Motabhai’s midweek madness continues, there is a lot we need to talk about and the weeklies just dont cut it, so I guess I’m back.
Very recently L&T Technologies (NSE: LTTS) and Mindtree (NSE: MINDTREE) announced a merger to become India’s 6th largest Technology Service Providers. Now, the parent company of L&T Technologies, L&T Inc had completed the hostile take over of Mindtree Tech in 2019. Now L&T is a curious case because the company itself was subject to a hostile takeover bid by Manu Chabbria in the late 1980s. We’re going to use this company to understand hostile takeovers as a whole.
What is a Hostile Takeover?
After an overall appraisal of the transaction, friendly takeovers, which occur by mutual consent of the target and acquiring company, have been fairly prevalent in the Indian M&A sector. In contrast to such takeovers, hostile takeovers involve disagreement on the part of the target company's management, i.e., the target company does not want to be bought. Despite this dispute, the purchasing business makes the acquisition hostile by continuing to pursue it. A hostile takeover is motivated by a variety of factors, including the desire to eliminate competitors, an undervalued target, and so on.

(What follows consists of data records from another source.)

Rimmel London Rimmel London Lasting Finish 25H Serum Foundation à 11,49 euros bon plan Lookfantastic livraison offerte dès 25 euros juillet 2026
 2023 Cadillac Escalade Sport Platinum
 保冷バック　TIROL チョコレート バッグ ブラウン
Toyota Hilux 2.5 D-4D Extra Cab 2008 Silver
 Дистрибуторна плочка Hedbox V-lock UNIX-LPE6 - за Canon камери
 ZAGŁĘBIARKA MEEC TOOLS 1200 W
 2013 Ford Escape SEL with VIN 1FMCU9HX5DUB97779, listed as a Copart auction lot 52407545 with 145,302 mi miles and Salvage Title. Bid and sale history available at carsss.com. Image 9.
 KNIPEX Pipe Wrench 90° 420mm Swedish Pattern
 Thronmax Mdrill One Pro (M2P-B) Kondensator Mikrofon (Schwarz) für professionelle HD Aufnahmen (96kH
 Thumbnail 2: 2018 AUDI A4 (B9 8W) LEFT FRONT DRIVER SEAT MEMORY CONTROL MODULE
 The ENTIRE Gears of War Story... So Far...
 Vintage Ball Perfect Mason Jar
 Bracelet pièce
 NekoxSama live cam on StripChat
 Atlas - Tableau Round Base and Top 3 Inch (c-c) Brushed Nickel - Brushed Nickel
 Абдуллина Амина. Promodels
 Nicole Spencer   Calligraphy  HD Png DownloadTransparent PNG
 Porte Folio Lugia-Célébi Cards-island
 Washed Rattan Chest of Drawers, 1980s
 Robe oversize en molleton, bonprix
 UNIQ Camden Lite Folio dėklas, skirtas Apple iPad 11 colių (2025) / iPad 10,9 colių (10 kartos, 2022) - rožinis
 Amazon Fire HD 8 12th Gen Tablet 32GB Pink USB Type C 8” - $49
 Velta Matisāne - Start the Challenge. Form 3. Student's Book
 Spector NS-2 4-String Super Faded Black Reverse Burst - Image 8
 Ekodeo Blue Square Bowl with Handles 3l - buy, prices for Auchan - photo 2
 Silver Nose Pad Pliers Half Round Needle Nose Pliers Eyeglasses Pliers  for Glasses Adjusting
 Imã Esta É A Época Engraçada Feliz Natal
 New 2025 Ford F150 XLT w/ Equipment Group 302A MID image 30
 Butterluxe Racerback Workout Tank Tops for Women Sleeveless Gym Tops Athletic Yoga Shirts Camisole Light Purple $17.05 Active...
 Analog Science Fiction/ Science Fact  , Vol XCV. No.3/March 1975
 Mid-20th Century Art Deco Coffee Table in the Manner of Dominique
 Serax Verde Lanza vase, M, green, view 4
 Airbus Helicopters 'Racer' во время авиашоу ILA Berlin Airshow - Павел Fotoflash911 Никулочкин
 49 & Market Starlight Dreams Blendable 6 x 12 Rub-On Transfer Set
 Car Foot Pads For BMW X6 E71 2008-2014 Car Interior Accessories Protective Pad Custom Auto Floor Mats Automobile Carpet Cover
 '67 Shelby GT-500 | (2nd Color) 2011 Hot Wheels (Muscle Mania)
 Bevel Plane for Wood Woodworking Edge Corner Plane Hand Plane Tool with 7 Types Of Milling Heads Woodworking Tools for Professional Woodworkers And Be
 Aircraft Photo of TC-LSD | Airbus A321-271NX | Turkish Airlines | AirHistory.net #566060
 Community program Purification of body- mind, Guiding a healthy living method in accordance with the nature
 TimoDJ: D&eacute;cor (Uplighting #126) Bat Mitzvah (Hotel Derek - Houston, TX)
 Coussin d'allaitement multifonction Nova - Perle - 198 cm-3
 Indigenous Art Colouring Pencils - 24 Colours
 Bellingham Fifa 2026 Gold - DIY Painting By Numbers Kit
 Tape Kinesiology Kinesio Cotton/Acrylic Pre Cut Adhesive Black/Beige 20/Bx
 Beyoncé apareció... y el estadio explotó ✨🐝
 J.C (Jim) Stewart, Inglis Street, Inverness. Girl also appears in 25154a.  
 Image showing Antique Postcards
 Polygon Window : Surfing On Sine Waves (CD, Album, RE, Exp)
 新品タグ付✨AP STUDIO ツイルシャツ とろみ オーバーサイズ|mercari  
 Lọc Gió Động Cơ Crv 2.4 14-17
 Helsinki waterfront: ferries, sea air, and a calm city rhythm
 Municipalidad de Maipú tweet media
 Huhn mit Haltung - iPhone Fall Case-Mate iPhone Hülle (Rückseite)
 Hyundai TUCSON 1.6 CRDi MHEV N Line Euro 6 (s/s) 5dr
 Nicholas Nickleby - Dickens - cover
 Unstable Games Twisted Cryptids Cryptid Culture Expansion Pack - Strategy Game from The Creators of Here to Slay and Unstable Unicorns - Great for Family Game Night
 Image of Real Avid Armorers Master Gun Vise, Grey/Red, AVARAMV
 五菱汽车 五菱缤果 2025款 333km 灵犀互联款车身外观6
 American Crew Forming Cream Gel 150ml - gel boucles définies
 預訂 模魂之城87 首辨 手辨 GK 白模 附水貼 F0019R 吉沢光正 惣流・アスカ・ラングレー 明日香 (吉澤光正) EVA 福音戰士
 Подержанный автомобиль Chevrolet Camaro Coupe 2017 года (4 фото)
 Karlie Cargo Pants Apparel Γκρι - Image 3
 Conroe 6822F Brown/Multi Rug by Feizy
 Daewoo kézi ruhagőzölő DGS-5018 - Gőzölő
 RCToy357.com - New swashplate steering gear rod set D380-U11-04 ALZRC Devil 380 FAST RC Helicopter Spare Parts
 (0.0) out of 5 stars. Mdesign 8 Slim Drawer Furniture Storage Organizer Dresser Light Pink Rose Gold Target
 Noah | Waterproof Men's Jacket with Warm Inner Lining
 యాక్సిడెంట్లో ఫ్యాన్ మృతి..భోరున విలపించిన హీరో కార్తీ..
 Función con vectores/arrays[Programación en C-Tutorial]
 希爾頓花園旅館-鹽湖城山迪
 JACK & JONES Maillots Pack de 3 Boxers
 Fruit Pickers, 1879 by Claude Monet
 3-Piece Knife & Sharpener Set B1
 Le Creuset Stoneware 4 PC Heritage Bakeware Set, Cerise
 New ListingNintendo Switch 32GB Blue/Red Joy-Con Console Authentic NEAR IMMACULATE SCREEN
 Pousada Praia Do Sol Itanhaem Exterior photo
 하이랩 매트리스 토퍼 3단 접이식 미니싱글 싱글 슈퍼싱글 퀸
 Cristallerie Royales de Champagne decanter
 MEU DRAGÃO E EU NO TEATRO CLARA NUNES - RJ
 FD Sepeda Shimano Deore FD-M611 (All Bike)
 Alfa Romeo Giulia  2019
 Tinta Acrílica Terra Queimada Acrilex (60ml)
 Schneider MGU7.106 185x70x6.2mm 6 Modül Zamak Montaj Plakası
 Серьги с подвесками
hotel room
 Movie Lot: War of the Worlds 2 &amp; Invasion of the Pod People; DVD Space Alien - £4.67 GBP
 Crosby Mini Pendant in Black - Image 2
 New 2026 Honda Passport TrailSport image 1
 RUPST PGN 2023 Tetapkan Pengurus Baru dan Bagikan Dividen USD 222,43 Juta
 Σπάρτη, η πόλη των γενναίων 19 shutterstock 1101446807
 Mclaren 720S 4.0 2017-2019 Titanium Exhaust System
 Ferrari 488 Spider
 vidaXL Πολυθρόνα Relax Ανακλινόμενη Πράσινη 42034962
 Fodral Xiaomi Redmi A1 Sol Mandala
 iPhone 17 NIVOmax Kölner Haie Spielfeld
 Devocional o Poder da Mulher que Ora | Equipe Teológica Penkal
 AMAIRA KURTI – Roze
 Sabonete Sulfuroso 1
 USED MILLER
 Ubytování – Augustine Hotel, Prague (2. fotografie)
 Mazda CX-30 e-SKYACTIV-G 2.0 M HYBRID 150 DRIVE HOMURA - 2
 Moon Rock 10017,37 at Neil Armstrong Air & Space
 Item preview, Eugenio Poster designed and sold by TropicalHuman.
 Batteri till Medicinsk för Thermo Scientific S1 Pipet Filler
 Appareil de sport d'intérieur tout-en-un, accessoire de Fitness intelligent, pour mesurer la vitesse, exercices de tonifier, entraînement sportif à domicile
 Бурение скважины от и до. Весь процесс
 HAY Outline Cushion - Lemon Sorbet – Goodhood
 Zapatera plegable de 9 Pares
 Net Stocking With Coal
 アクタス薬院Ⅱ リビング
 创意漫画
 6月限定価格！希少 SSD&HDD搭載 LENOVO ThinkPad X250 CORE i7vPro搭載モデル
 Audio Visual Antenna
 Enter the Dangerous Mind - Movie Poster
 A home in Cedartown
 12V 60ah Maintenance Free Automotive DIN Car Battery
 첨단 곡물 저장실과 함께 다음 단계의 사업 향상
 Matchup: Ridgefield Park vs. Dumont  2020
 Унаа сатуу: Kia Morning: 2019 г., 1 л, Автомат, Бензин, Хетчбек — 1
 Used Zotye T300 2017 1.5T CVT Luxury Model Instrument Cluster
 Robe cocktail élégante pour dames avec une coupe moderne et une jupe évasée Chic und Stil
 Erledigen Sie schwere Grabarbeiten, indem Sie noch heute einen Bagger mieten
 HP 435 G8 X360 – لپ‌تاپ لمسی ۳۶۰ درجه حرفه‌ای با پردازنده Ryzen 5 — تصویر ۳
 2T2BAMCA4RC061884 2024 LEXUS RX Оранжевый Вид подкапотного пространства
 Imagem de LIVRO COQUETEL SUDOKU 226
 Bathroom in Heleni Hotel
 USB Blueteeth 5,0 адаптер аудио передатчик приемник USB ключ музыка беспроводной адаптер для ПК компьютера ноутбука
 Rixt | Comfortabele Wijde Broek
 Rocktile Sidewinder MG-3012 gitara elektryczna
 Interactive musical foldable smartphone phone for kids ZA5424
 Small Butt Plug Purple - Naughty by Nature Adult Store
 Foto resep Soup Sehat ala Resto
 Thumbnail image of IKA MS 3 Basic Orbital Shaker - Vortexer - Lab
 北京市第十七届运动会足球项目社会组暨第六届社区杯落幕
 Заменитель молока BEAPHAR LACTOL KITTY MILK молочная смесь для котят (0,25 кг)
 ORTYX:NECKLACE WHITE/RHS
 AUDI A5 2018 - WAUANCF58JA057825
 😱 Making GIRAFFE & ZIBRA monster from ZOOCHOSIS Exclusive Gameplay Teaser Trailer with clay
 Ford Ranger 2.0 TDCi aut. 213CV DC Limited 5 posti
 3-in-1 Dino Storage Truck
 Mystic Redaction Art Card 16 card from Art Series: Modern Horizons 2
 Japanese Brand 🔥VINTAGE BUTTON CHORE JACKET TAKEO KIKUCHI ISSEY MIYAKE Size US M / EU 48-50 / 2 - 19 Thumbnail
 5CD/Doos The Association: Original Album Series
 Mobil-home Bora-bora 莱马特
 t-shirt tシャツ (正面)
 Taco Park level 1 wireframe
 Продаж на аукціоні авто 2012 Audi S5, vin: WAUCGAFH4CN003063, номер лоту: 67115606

In the above scenario, L&T was faced with multiple issues in 2019. It's worth noting that Mindtree was not L&T's first choice. Rather, the corporation desired to buyback outstanding stock from the market. The Securities and Exchanges Bureau of India thwarted this $1.5 billion deal . SEBI protested because L&T's debt-to-equity ratio would have breached 2:1 after the buyback. This is in violation of SEBI's compliance guidelines.
L&T didn't have a lot of other options, either. Excess dividends had already been paid by the corporation. The dividend paid in 2016 was a mind-boggling 33 percent of the company's annual profit. The issue with increasing payouts is that it creates future expectations. As a result, if dividends are raised, they cannot be cut in the future without causing a market reaction. This is why L&T decided against paying dividends.
In addition, L&T was under pressure to boost its return on equity. In the last decade, the company's return has dropped from 24 percent to as low as 9%. At the time, L&T's ROE had settled at a reasonable 15 percent. The shareholders, on the other hand, were ravenous for more. This is why L&T was forced to sell non-core assets and reinvest the money in high-margin industries such as software.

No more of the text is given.